The rough world of Washington logging towns

During the first decades of significant settlement, logging was very much a small organization enterprise. Often a few men would set up a site near the shore of Puget Sound, cut down all of the surrounding trees, and overload the closest ship for transport to California. Transport by any means other than boat was difficult in the back-country. Towns remained small, and the culture of the logging men was libertine and suffused with machismo.

Early Puget Sound Mill, 1889An early lumber mill on the shores of Puget Sound

No town of any size existed without a saloon. With little else to spend their money on, men congregated to gamble, drink, fight, and carouse with prostitutes. There were few white women, so most of the hookers were native Indians or Asian women.

While logging also occurred in Oregon, the cultural effects were mitigated there by the presence of numerous farming families, who brought something of a check to the excesses of taverns and prostitution. In Washington, the loggers had the place to themselves for many years, and the area gained its reputation as a den of vice and lawlessness. Few outsiders dared venture into some of the towns.
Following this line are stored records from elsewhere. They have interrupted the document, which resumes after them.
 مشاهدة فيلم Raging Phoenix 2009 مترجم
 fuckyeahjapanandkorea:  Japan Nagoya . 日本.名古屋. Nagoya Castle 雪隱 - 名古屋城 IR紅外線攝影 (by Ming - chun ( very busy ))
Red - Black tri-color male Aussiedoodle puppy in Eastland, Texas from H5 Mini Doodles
Most notorious were the cities around Grays Harbor, such as Aberdeen and Hoquiam. In a single year over forty dead bodies were found floating in the water under varying circumstances. Billy Gohl was credited with many of the murders, as well as innumerable assaults, thefts, and arsons. Part-time psychopath, part-time bartender and union agent, he took a special delight in targeting sailors at liberty.

Labor Radicalism and the IWW

Labor radicalism entrenched itself more firmly in Washington than in most parts of the country. Logging was a dangerous, grisly profession. With automated saws, falling trees weighing several tons, and other such features, the death and dismemberment rate was atrocious. Hardly any man escaped the minor cuts and muscle strains that came with the job.
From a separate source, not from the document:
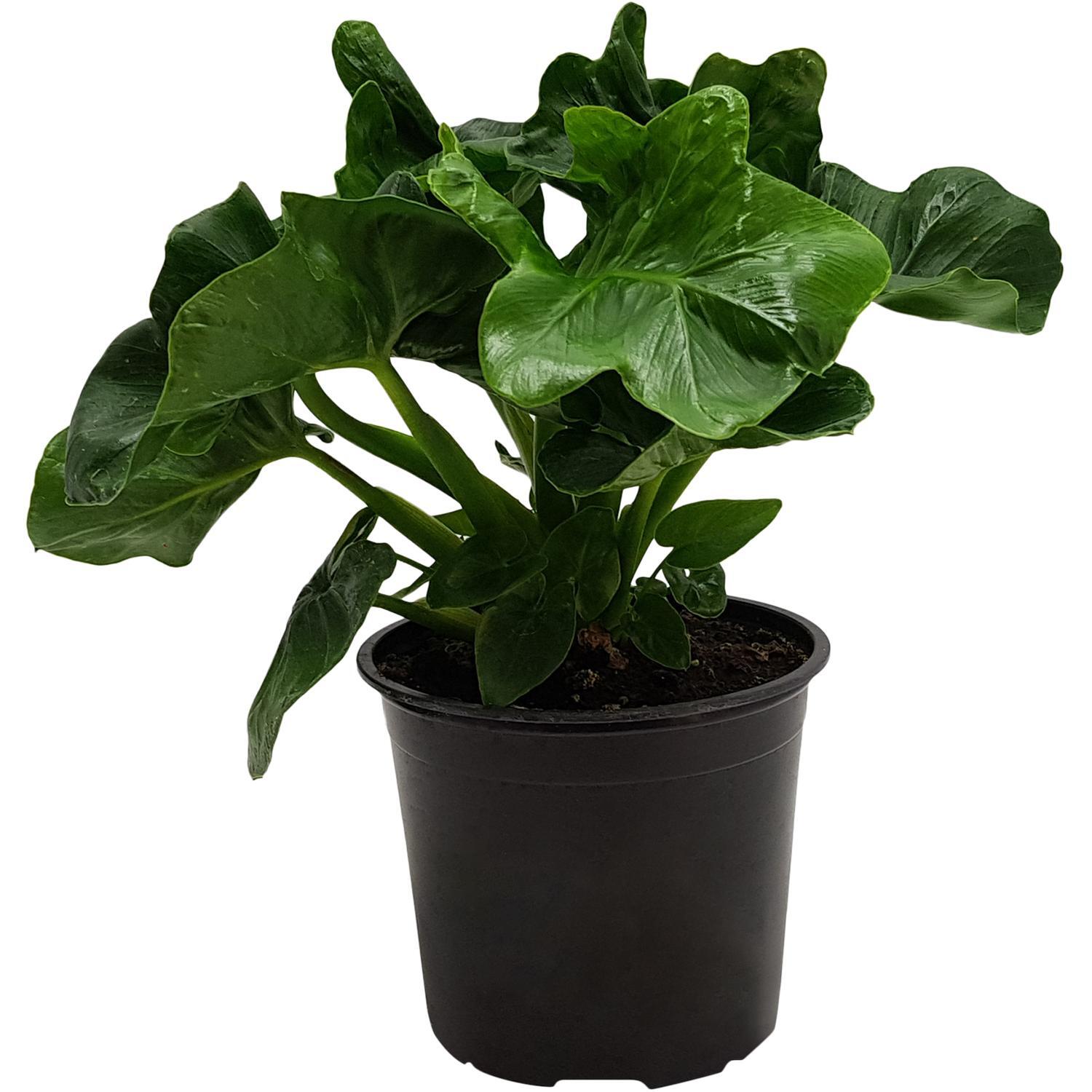 Phildodendron Atom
Attempts to unionize were sporadic and inconsistent, but the possibility was always lurking. Business owners employed all of the usual tricks to fight this process -- firing suspected organizers, infiltrating union meetings with spies, attacking demonstrations, and so on.

In 1907 a new threat emerged to the business classes, across the Colombia River in Portland. All of the sawmills in that town were shut down for several weeks by a radical group called the Industrial Workers of the World. No ordinary union, their avowed goal was to overthrow capitalism entirely and replace it with public land distribution, collective factory ownership, and all the other taboos of American political discourse.

Industrial Workers of the World Recruiting Graphic

The IWW (aka "Wobblies") began to organize and find support among the Washington loggers, to the horror of most respectable citizens. Combating their influence became a priority.

Forest fires and depletion

"Sustainability" was not even a word in the 1800s. The first lumbermen who operated cut down anything they could get their hands on, limited only by the problems of transportation into the interior of the land. Soon the ugly sights of clear cut forests and muddy hills were commonplace in the area around the Sound.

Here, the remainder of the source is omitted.